Gliese 832c è stato scoperto da un team internazionale di astronomi, guidati da Robert A. Wittenmyer, dell UNSW (University of New South Wales) dell'Australia. Gli strumenti usati sono lo spettrografo PFS (Planet Finder Spectrograph), il HARPS-TERRA ed il UCLES. Queste osservazioni hanno permesso di rilevare quanto la stella si muove in risposta gravitazionale alla presenza della massa del pianeta.

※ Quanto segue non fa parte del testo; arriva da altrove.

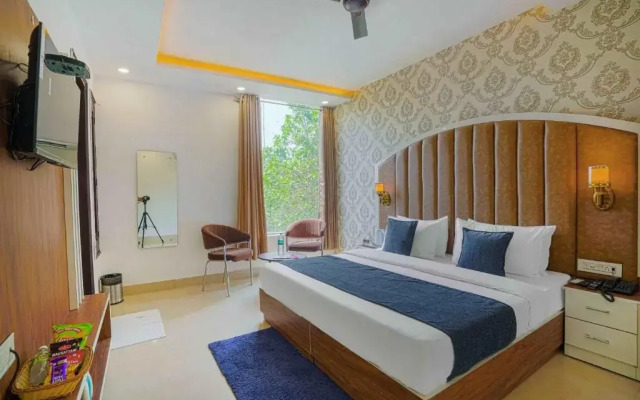 Hotel Paras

Ovviamente non è così facile immaginare che si tratta di un posto dove andare a cercare forme di vita. Prima di tutto, dato che la nana rossa è molto più fredda del nostro Sole, il pianeta si deve trovare molto più vicino, e questo aumenta anche l'esposizione a tempeste stellari intense. Inoltre, potrebbe essere bloccato marealmente e quindi mostrare sempre la stessa faccia alla propria stella, portando a stagioni molto estreme. Non sappiamo nemmeno ancora quanto la massa enorme può essere un problema per quanto riguarda processi come il movimento di placche tettoniche, o la presenza di motti convettivi nel nucleo esterno e quindi un campo magnetico attivo.

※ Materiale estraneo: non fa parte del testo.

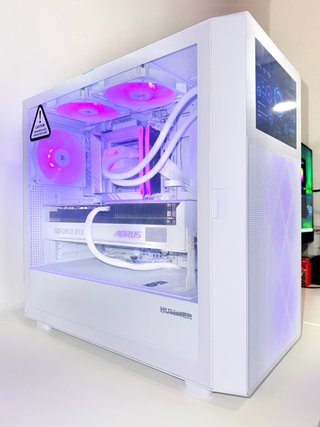 PC Gaming AORUS ICE 265K, 32G, 5080 Nuevo Garantía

Tuttavia, data la vicinanza, resta un pianeta molto intrigante perché possiamo studiarlo molto in dettaglio in futuro.

http://arxiv.org/abs/1406.5587

http://scitechdaily.com/astronomers-dis ... ese-832-c/

http://www.universetoday.com/112806/nea ... omers-say/

http://www.link2universe.net/2014-06-26 ... ce-da-noi/

come si evince,magari,le ricerche possono essere effettuate anke in zone relativamente non lontane......magari le sorprese le possiamo avere sull'uscio di casa [;)]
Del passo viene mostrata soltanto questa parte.